Looks like Amazon could be the next huge company to give up an employee review process that forces managers to rank employees against each other, making job performance all about survival of the fittest.
Amazon tells Geekwire’s Taylor Soper and Todd Bishop that it plans to overhaul the worst part of the review process, although it has not offered details on the revisions.
A spokesperson confirmed the change to Business Insider saying:
“We’re launching a new annual review process next year that is radically simplified and focuses on our employees’ strengths, not the absence of weaknesses. We will continue to iterate and build on the program based on what we learn from our employees.”
Rank and yank
Amazon has been using a review process known as “stack ranking” or “rank and yank” in which employees are rated against each other as opposed to how well they are meeting their job requirements.
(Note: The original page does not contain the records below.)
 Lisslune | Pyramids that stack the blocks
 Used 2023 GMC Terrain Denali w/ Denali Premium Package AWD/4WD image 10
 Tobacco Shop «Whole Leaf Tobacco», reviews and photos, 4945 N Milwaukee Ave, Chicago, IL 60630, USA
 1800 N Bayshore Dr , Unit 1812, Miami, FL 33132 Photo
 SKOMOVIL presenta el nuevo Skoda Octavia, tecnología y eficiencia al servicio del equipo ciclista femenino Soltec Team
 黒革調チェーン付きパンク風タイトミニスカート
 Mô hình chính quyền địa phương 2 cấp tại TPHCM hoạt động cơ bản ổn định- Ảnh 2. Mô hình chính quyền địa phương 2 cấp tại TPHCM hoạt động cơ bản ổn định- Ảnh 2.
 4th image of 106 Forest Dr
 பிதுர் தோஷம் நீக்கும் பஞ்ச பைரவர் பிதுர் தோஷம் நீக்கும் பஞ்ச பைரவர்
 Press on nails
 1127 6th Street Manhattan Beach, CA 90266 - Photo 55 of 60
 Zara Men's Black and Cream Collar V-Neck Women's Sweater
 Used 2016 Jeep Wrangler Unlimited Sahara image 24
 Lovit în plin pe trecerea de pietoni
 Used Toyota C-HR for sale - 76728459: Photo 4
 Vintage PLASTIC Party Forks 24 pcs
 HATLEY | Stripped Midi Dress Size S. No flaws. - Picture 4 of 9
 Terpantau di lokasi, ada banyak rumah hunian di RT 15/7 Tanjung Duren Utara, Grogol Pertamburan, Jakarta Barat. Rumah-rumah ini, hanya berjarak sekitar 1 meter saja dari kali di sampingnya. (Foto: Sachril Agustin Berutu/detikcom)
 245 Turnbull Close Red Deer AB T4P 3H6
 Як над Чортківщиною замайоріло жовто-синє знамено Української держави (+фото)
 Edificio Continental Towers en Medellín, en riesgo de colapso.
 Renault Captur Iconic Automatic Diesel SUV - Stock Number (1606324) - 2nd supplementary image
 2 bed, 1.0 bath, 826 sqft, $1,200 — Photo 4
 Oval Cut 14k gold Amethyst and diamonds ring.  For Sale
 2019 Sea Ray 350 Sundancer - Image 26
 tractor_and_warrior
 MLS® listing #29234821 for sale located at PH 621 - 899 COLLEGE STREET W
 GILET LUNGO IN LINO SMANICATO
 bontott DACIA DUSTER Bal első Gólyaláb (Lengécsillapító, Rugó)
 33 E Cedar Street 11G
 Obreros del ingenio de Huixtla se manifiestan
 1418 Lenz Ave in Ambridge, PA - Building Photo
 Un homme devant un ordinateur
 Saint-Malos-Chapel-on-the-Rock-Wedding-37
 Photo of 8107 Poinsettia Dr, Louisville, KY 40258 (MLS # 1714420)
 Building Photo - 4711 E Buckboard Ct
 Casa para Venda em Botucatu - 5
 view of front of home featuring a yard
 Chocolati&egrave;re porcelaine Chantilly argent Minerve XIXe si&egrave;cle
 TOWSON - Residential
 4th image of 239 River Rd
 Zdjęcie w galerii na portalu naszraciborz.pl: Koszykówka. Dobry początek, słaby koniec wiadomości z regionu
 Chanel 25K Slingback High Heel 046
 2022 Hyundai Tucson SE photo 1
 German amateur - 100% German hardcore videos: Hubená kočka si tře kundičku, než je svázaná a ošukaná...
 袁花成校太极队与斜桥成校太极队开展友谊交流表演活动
The idea is that the lowest-rated employees will be continuously eliminated, creating a company of only highly productive employees. It came to fame in the 1980s and was made popular by GE’s Jack Welch.
The problem is that it’s really only valuable for a short time, such as when a company is reorganising, stack ranking experts say. Using it long-term tends to create a dog-eat-dog kind of culture.
One HR expert on CNN compared Amazon’s review process to “The Hunger Games.” In a New York Times story about the company’s “bruising workplace” that went viral last year, the review process was described like “choosing sacrificial lambs to protect more essential players.”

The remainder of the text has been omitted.